WHAT THE EXERCISE ASKS ::
Within the entries below, please return exactly the lines from the one with "Kitchen with dark" through the one with "a swimming pool", leaving out any pictures.
=== Section Start ===
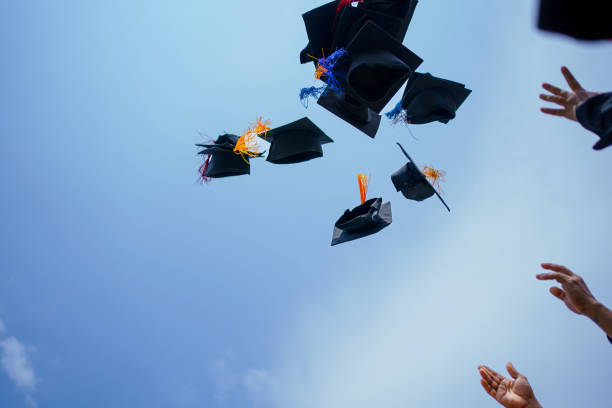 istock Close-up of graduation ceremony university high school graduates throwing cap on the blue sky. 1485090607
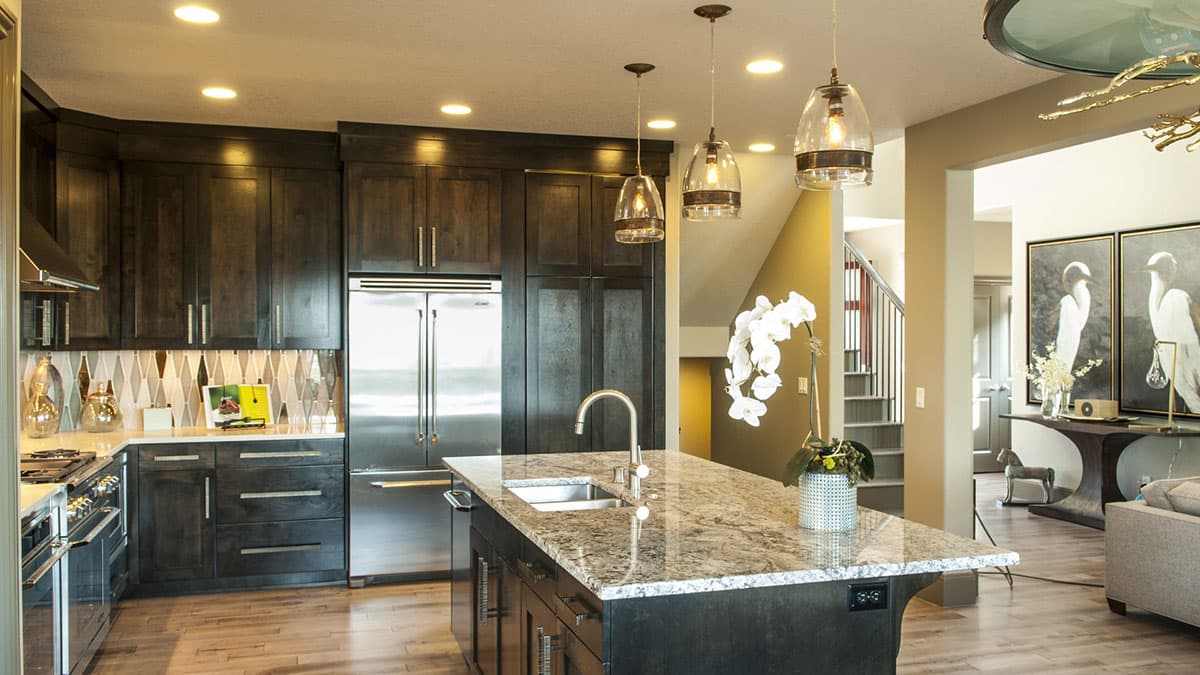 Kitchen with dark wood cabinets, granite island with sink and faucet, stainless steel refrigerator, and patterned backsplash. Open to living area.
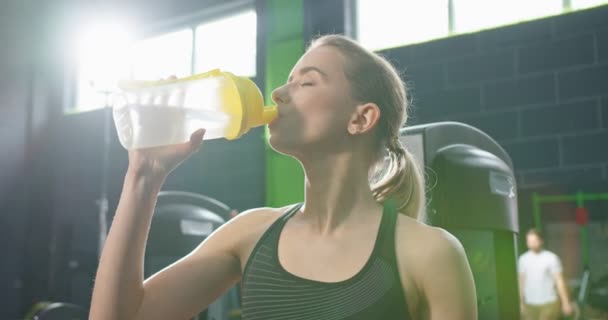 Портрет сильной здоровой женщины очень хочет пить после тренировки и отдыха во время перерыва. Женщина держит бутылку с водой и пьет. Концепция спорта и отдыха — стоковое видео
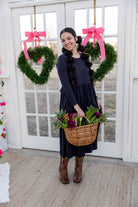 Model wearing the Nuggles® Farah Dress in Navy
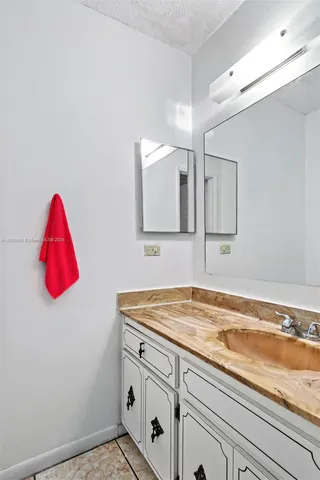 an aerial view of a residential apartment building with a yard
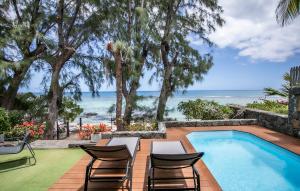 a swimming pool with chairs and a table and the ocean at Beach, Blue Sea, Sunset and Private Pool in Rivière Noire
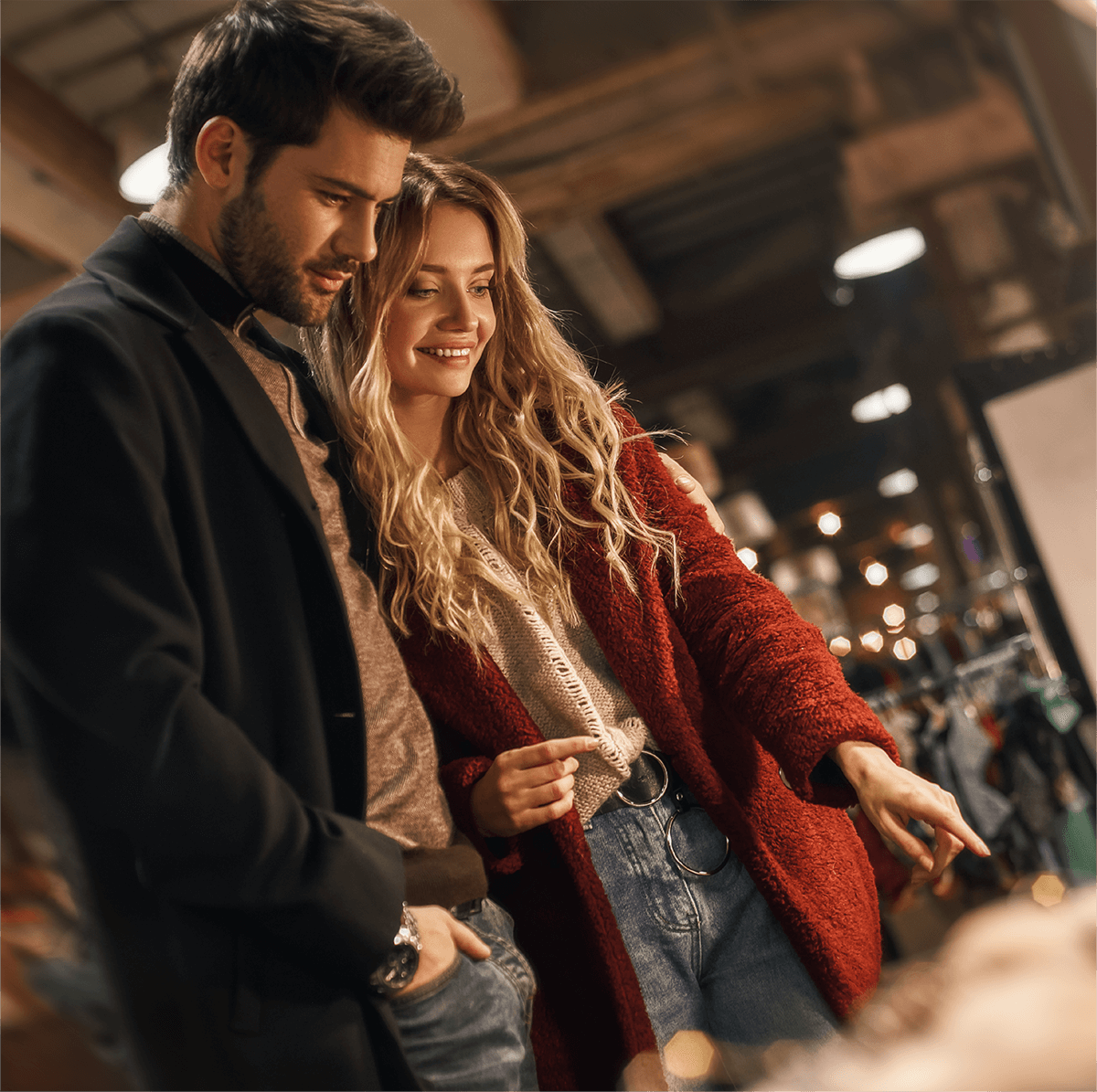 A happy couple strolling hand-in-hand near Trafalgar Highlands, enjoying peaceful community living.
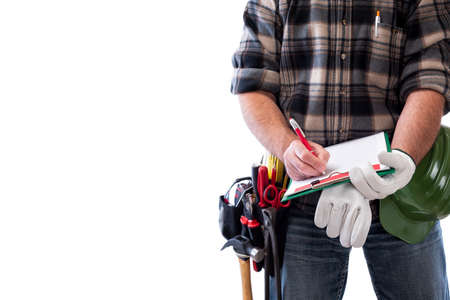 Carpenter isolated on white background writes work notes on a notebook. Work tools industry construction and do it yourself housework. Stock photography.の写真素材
=== Section End ===
ANSWER FOR THE TASK ::
 Kitchen with dark wood cabinets, granite island with sink and faucet, stainless steel refrigerator, and patterned backsplash. Open to living area.
 Портрет сильной здоровой женщины очень хочет пить после тренировки и отдыха во время перерыва. Женщина держит бутылку с водой и пьет. Концепция спорта и отдыха — стоковое видео
 Model wearing the Nuggles® Farah Dress in Navy
 an aerial view of a residential apartment building with a yard
 a swimming pool with chairs and a table and the ocean at Beach, Blue Sea, Sunset and Private Pool in Rivière Noire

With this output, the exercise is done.